Work to be completed:
From the line with "Applique murale ondulante en papier D40cm" to the line with "Outdoor Fireplace Installation", retype every line exactly, including those two, and leave out the rest of the data below.

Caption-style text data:

=== Section Start ===

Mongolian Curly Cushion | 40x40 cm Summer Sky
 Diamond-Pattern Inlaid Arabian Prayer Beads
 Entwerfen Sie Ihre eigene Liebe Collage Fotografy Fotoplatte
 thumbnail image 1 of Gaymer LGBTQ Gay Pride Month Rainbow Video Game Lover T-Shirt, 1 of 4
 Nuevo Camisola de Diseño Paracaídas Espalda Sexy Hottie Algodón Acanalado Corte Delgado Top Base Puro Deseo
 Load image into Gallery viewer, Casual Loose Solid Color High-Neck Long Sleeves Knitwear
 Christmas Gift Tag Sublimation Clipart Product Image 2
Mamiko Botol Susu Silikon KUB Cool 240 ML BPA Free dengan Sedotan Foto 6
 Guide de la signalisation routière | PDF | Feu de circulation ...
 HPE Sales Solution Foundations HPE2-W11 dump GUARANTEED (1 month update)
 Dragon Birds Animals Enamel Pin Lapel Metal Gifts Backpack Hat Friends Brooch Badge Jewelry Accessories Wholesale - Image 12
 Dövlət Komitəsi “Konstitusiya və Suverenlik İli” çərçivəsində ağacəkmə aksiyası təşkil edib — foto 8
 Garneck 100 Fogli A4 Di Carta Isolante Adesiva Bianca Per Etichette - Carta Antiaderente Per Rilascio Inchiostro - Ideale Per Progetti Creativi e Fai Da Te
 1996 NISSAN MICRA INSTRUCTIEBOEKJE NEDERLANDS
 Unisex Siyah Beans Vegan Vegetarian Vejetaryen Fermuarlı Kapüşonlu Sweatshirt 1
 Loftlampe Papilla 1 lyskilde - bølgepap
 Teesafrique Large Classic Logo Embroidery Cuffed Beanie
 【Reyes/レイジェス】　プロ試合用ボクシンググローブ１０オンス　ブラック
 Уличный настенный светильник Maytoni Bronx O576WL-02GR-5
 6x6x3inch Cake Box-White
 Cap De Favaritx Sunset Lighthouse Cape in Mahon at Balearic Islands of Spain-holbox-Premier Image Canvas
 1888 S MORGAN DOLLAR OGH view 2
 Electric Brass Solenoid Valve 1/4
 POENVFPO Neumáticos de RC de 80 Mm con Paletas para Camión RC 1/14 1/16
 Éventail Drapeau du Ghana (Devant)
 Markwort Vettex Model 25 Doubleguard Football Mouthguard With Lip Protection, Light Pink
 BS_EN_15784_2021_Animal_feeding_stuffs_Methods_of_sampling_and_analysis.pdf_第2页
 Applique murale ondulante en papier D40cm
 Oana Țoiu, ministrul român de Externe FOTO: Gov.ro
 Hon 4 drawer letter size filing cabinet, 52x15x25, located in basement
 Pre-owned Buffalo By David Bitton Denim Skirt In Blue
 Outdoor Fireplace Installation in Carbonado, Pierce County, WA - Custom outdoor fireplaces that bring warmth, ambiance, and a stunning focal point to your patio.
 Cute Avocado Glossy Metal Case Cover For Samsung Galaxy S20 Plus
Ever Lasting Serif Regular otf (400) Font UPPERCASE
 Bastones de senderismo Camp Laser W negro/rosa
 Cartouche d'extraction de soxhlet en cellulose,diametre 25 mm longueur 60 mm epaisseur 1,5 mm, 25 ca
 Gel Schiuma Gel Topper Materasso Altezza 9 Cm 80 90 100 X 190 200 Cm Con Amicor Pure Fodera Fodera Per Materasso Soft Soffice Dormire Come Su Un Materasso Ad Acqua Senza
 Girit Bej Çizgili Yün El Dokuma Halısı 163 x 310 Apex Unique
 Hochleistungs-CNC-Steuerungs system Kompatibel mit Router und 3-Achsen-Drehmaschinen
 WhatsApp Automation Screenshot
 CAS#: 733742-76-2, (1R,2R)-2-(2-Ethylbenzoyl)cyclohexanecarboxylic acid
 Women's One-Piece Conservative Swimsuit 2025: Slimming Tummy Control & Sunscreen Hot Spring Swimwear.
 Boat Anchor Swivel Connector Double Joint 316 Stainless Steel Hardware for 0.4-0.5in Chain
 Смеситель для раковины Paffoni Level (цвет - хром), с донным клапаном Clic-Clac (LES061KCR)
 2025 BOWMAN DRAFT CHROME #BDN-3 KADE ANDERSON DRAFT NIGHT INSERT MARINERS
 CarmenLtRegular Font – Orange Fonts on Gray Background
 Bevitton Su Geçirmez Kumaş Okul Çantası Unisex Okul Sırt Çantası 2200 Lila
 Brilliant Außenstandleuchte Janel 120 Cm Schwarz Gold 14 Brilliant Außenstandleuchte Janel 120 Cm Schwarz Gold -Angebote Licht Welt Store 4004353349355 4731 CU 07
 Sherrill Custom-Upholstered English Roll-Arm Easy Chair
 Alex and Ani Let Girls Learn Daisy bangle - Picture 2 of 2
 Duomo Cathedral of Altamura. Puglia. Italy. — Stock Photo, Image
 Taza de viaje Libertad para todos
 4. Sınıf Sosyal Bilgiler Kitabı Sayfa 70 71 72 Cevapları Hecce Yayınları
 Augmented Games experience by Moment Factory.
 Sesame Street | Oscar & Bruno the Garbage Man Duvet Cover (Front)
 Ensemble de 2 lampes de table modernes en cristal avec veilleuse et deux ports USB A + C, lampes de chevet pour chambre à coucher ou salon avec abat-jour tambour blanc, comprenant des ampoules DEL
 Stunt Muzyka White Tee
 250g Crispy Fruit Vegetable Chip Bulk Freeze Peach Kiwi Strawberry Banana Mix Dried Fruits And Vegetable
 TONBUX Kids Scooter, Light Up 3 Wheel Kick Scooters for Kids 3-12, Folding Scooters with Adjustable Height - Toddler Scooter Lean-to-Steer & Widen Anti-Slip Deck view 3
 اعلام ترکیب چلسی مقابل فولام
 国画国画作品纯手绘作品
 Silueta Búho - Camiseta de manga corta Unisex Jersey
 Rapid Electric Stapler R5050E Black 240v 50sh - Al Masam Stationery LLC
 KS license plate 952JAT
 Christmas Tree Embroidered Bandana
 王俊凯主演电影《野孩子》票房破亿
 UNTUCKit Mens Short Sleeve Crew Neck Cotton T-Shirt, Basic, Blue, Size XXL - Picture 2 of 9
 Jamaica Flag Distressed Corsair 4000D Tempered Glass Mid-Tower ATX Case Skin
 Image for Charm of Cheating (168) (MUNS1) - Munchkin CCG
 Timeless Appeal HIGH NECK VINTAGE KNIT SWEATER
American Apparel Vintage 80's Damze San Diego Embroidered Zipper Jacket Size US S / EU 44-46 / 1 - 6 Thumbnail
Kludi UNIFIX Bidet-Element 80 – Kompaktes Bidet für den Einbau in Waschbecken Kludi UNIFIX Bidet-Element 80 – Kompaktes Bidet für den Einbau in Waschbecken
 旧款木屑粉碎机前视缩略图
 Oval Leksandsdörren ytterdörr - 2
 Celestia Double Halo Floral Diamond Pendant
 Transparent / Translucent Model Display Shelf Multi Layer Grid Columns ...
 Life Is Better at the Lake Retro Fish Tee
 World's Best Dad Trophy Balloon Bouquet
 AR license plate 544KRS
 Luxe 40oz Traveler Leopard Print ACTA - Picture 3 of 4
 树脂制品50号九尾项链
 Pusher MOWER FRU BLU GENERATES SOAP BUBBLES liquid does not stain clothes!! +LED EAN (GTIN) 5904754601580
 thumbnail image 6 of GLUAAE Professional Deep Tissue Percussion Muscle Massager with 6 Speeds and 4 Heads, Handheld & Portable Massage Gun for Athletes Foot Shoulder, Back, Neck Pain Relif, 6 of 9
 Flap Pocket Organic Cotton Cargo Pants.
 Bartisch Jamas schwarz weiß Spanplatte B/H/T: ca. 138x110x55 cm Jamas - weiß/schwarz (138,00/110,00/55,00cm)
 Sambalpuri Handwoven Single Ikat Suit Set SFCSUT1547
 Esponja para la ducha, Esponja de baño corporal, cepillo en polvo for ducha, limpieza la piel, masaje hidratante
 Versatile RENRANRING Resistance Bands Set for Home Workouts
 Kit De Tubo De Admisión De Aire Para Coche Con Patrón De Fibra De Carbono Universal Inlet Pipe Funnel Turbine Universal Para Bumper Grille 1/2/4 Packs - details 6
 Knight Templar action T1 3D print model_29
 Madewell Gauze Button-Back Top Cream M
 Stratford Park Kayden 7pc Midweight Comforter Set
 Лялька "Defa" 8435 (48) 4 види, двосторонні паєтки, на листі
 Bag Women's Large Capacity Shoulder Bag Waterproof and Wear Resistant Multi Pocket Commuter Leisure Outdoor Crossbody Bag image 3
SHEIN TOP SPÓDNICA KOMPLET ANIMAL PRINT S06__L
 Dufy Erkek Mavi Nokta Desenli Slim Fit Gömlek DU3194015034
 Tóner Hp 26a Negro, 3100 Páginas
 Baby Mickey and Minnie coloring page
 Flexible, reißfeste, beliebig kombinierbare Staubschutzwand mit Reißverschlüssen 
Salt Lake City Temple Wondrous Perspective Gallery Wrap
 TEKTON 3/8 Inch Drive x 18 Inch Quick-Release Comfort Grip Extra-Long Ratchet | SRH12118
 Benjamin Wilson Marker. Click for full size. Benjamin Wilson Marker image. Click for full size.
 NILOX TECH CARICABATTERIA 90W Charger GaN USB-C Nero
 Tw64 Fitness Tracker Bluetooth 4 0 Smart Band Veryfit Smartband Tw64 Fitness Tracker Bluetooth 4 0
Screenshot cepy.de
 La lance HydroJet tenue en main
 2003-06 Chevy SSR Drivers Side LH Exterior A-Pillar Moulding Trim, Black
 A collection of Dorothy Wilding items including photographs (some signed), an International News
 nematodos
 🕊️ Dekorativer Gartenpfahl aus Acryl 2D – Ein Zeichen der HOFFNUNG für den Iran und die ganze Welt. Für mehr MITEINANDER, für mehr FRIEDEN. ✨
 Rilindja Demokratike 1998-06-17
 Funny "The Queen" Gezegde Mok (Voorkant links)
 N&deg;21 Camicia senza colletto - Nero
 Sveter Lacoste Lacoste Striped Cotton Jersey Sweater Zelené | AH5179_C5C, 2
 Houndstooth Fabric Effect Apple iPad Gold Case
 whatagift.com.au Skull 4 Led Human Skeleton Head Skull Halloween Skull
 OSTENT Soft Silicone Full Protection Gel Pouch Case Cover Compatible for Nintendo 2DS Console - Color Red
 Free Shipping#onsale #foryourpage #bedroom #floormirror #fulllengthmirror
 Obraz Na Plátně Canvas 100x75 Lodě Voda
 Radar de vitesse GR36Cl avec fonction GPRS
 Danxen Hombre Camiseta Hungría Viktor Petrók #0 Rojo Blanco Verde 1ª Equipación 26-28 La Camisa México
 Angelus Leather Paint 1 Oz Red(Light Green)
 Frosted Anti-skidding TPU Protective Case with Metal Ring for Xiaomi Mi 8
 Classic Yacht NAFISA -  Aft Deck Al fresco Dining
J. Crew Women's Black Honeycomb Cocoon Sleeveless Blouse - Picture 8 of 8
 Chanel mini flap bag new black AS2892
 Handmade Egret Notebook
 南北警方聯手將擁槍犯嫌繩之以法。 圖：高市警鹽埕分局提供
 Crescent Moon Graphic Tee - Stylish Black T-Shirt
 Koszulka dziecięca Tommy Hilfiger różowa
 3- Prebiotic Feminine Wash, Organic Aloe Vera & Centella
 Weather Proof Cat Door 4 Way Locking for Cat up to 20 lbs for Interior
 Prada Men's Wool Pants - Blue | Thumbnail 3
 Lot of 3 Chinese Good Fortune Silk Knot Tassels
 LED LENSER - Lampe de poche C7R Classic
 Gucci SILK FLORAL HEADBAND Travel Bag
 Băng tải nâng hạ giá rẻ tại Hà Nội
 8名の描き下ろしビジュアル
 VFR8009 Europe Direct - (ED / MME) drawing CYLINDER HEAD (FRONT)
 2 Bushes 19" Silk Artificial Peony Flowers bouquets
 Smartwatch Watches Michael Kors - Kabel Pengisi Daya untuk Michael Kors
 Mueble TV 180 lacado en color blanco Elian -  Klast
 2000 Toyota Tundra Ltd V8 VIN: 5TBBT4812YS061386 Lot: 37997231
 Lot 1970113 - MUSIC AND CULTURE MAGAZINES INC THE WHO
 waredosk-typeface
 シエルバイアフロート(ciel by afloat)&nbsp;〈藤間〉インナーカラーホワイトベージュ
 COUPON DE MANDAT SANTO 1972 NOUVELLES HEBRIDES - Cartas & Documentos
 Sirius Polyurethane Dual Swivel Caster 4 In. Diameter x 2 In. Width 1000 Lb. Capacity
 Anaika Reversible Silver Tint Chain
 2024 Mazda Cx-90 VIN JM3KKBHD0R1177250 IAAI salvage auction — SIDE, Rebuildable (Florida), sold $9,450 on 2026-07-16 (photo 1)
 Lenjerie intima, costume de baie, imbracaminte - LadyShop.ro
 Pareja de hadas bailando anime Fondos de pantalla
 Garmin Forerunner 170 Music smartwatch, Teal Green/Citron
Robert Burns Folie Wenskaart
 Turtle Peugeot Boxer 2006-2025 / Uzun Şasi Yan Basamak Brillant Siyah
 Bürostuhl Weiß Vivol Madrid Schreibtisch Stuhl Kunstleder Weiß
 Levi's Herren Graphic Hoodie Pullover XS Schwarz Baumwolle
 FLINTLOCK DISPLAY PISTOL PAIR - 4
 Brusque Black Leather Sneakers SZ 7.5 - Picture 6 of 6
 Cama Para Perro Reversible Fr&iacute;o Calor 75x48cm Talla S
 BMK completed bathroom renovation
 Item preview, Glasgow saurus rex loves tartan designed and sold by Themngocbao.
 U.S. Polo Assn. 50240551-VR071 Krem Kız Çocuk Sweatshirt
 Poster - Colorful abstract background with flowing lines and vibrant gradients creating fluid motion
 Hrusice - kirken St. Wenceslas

=== Section End ===

Solution for this problem:
 Applique murale ondulante en papier D40cm
 Oana Țoiu, ministrul român de Externe FOTO: Gov.ro
 Hon 4 drawer letter size filing cabinet, 52x15x25, located in basement
 Pre-owned Buffalo By David Bitton Denim Skirt In Blue
 Outdoor Fireplace Installation in Carbonado, Pierce County, WA - Custom outdoor fireplaces that bring warmth, ambiance, and a stunning focal point to your patio.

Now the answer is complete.